ACTIVITY: Pictures aside, every line of the listing should be given again exactly.

INPUT DATA:

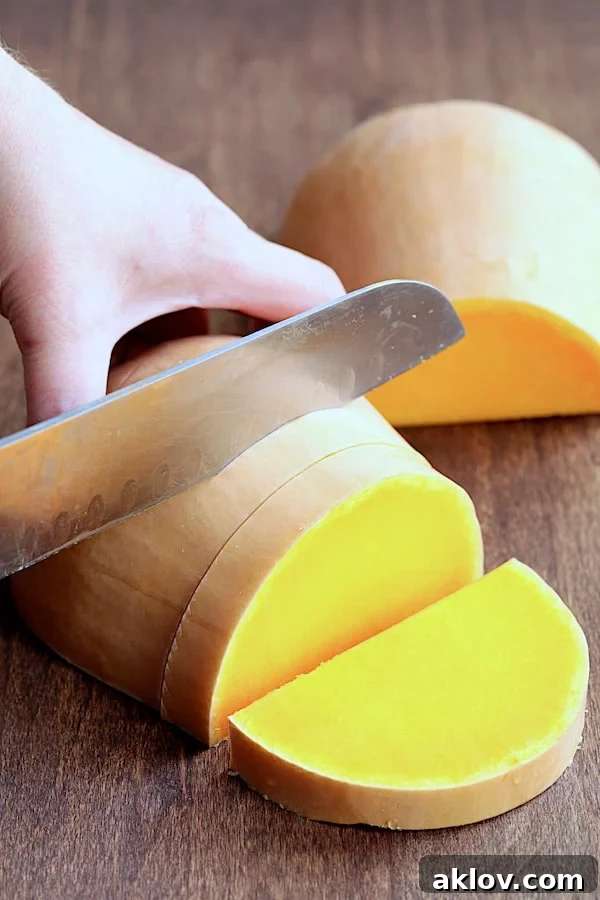 Photo showing how to cut the bottom portion of a butternut squash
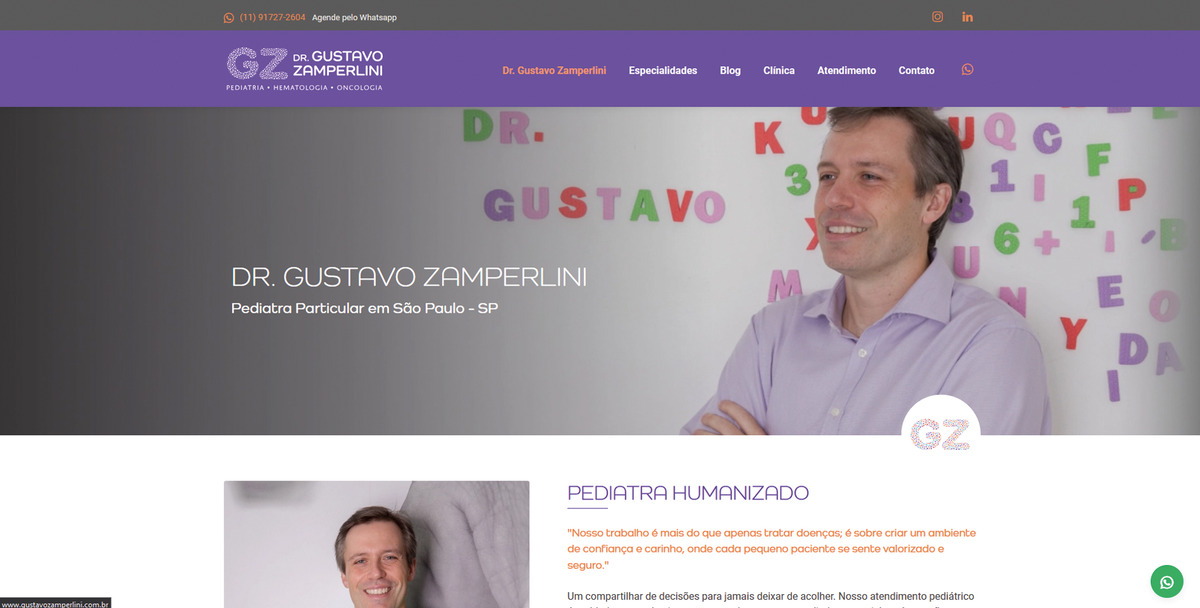 Site para Médicos Dr. Gustavo
                      Zamperlini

SOLUTION TO THE PROBLEM:
 Photo showing how to cut the bottom portion of a butternut squash
 Site para Médicos Dr. Gustavo
                      Zamperlini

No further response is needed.